Worries raised over limits on speaking freely about cases

Nominated MP Kok Heng Leun.
Nominated MP Kok Heng Leun. PHOTO: ST FILE

Several MPs felt that sub judice contempt under the Administration of Justice (Protection) Bill would restrict people's right to comment freely on ongoing police investigations or court cases.

Such contempt deals with comment and conduct that would prejudice or interfere with ongoing cases, or pose a real risk of doing so.

Nominated MP Kok Heng Leun felt the law could affect the airing of opinion on matters of public interest, citing the recent deaths of full-time national serviceman Dominique Sarron Lee and 14-year- old student Benjamin Lim. Mr Lee's case led to the Singapore Armed Forces reviewing its training procedure, while Benjamin's saw police review their protocol for dealing with minors.

"The public may become overly cautious. Severe penalties may deter people from discussing such cases," he said.

Fellow NMP Kuik Shiao-Yin said the Bill was interpreted by some as a "despairing signal to shut up and sit down", and called for a guarantee that people would not be caught by the law if their comments are not made in bad faith.

Workers' Party MPs also raised concerns about what they saw as an attempt to muzzle free speech.

"Reading this Bill sends a chill down my spine," said Non-Constituency MP Daniel Goh, who described the proposed law as "subversive of trust between the Government and the people".

He also questioned what he saw as an "immunity" for the Government: The law provides for the Government to comment on ongoing cases, as long as it believes there is a public interest in doing so.

WP chief Low Thia Khiang (Aljunied GRC) said it seemed that the real purpose of the new Bill was not to protect the fairness of the judicial system but to deter members of the public from voicing their views, while allowing the Government to voice its view.

"The ruling party is the only judge of what is contempt, and all they have to say is it is in the public interest," he added. "Is it really to protect the dignity of the judiciary or to protect the Government?"

Mr Pritam Singh (Aljunied GRC), a lawyer, also said the common man may not find it "so easy and neat" to differentiate between commenting on a case, and criticising policy and law, which is allowed.

On the other hand, People's Action Party MPs like Mr Darryl David (Ang Mo Kio GRC) welcomed the law for protecting people's right to a fair trial.
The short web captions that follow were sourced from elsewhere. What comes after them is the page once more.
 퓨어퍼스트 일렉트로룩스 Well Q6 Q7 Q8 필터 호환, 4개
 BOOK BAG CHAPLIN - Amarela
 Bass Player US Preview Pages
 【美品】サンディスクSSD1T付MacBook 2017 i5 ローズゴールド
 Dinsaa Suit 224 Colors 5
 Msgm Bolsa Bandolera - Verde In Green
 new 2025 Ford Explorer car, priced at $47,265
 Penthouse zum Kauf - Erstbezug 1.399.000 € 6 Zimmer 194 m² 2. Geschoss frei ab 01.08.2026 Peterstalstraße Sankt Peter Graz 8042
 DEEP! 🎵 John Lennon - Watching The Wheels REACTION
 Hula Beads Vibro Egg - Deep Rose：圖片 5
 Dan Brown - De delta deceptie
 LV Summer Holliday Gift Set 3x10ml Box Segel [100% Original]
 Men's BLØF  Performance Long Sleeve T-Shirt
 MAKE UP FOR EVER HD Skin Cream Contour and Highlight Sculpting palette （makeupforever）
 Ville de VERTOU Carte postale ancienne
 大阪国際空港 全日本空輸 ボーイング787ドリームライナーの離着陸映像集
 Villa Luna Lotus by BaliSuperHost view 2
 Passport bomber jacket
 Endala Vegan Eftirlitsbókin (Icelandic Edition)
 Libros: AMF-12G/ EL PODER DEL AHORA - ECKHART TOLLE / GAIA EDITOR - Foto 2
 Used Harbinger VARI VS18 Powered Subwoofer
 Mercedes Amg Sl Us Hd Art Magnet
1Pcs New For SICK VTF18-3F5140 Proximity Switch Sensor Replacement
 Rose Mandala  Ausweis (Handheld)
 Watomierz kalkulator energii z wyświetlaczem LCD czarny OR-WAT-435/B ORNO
He said intense media speculation on ongoing cases could colour the views of witnesses and result in trial by media.

Mr Edwin Tong (Marine Parade GRC) added that the proliferation of comments on social media could also affect and influence witnesses.

Mr Tong, a lawyer, also said that fears about free speech raised by opposition MPs were "completely unwarranted, alarmist, and show fundamental lack of understanding about the law".

Minister's response

Similarly, Law Minister K. Shanmugam in his reply said people can continue to discuss court cases as they already do now.

For example, many of the comments on the Benjamin Lim case, like whether the police should interview young offenders without an adult around, would not be considered sub judice.

Also, not every comment on ongoing cases is sub judice, he said. "The test is whether (the comment) prejudices or interferes with ongoing court proceedings, or poses a real risk of doing so," he added.

A number of MPs had also cited a scenario of people sitting in coffee shops and commenting on ongoing court cases being prosecuted for sub judice.

The minister replied: "How does ordinary citizens sitting in a coffee shop having a beer and talking about a case pose a real risk of prejudicing any proceedings? Does anyone believe that? The law today is the same as the law tomorrow."

On the clause that provides for the Government to comment on ongoing cases, Mr Shanmugam said it was not a free pass for the Government to say anything it deems fit.

But there was a need for such a provision as the Government cannot be expected to keep mum on issues of public interest just because of legal proceedings - for instance, during a public health emergency or a riot.

Also, the courts were the "final arbiters of any provision in the law", and the Government would have to "act in accordance with the law" or may face prosecution, he added.

This also means if a minister spoke about a case in a manner calculated to prejudice proceedings, and did not do so in the public interest, he could be charged with contempt as well, Mr Shanmugam said.